You’ll be forgiven if you don’t remember the name Daniel Tkaczuk.  Tkaczuk was a junior hockey standout, and former 6th overall pick by the Calgary Flames in 1997.  Tkaczuk played just 19 gams in the NHL before fading into European league and ECHL obscurity.

Perhaps Tkaczuk’s ancestors are to blame for his ill-fated NHL career – let the lesson be learned that you don’t mess with etymology. Everyone knows that it’s spelled Tkachuk, not Tkaczuk.  Having a name that is similarly sounding to an NHL star may help you get noticed, but it’s not necessarily going to translate into a long NHL career – just ask Joe Sacco or Paul Ysebaert.
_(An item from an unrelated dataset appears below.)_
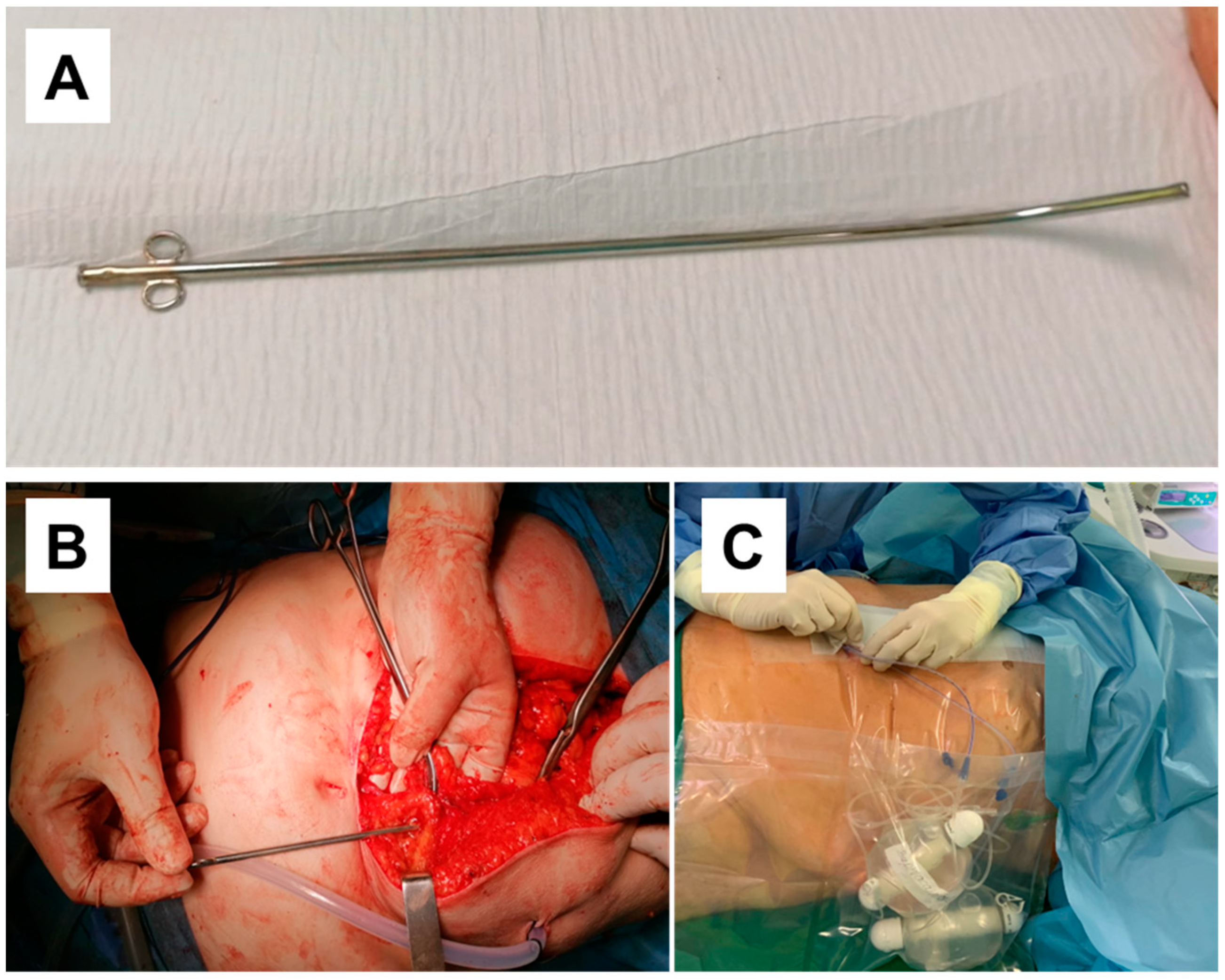 Medicina 60 01992 g002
Poor Daniel Tkaczuk.  He never had a chance.

Know this, there is no greater NHL suffix than ‘chuk’.  Imagine the career Peter Ing could have had if he were Peter Chuk.

The Expendables

When you’re a ‘chuk’, invariably, there’s some expectation to live up the greats.  Some just never manage to establish themselves as everyday NHL players, while others come and go quicker than Jason Bonsignore.

Lesser known ‘chuks’ include Ken and Gary Yaremchuk, Gary and Gene Sobchuk, Gary Shuchuk, Jack Shewchuk, Brandy Semchuk, Peter Ratchuk, Bill Oleschuk, Ross Lupaschuk, Ed Diachuk, Larry Bolonchuk, and Gene Achtymichuk.

The Heavyweight

One ‘chuk’ stands alone in terms of punching prowess, and it’s Darcy Hordichuk.  If all of the ‘chuks’ formed their own hockey team, Hordichuk would have a job.

The Next Wave

Ilya Kovalchuk is certainly the richest ‘chuk’ of all-time – and he’ll be asked to carry the name into the next decade, and then some.  He’ll have some help from other up-and-coming ‘chuks’ like Johnny Boychuk and Zach Boychuk.  Anton Babchuk has had trouble finding consistency in the pros, but he’s a big defenceman that carries the name.  Boston Bruins’ defensive prospect Andrew Bodnarchuk had a cup of coffee in the NHL last season, too.

Did we miss anyone?  Possibly, ‘chuks’ are like nuts – there’s almost too many to name.  Who’s your favourite ‘chuk of all-time?